DATA EXTRACT:
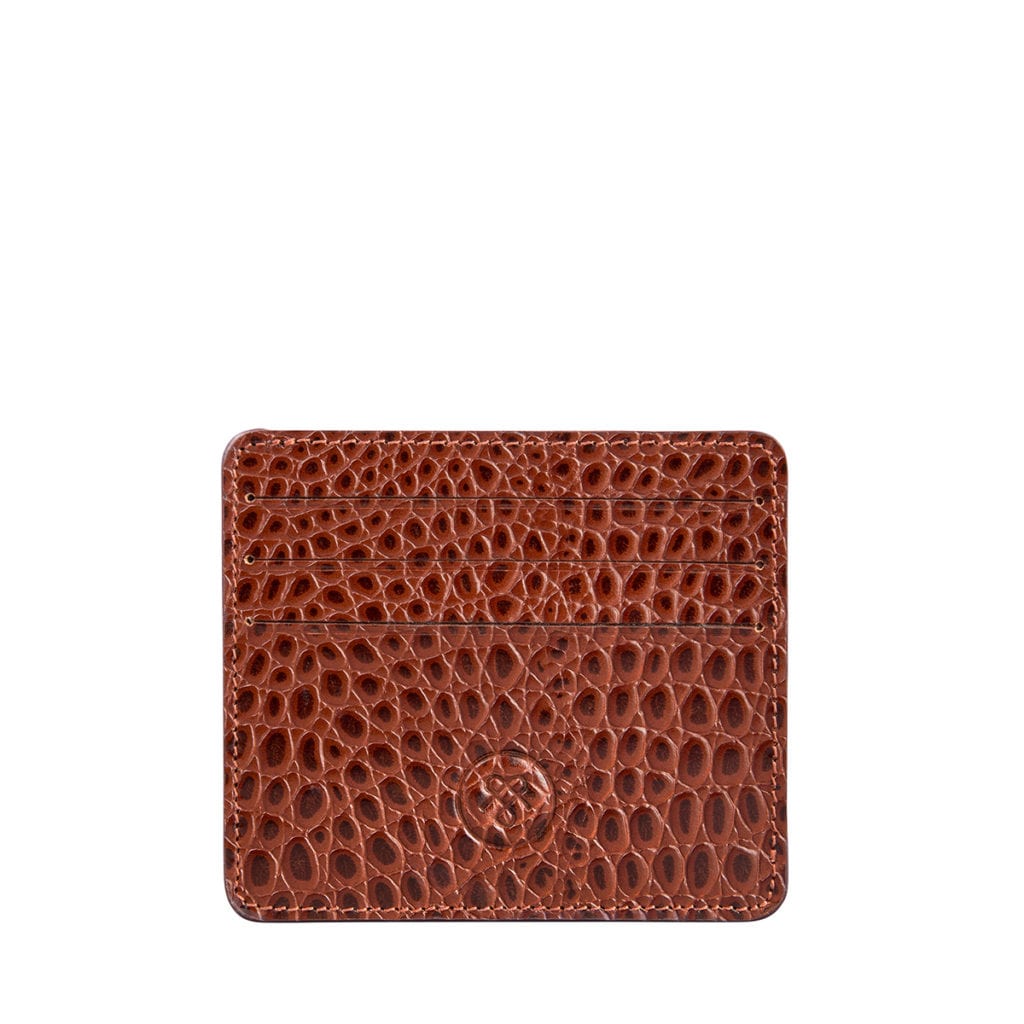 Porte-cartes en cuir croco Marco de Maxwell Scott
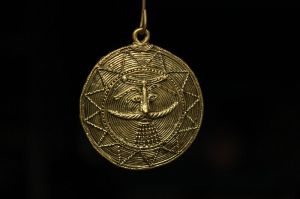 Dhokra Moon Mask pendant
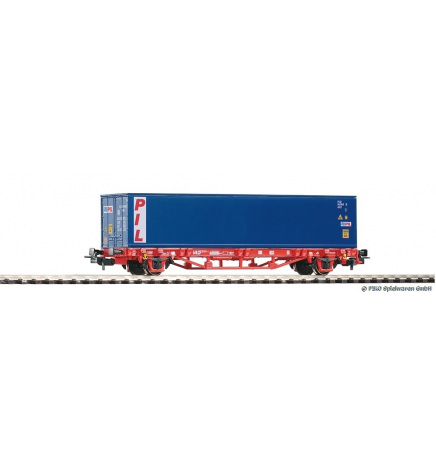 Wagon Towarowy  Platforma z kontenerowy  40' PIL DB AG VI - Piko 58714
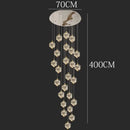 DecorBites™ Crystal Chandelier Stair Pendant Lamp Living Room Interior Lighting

REQUIRED ACTION: Pictures stay out. Everything else in the listing gets printed exactly.

TASK RESULT:
 Porte-cartes en cuir croco Marco de Maxwell Scott
 Dhokra Moon Mask pendant
 Wagon Towarowy  Platforma z kontenerowy  40' PIL DB AG VI - Piko 58714
 DecorBites™ Crystal Chandelier Stair Pendant Lamp Living Room Interior Lighting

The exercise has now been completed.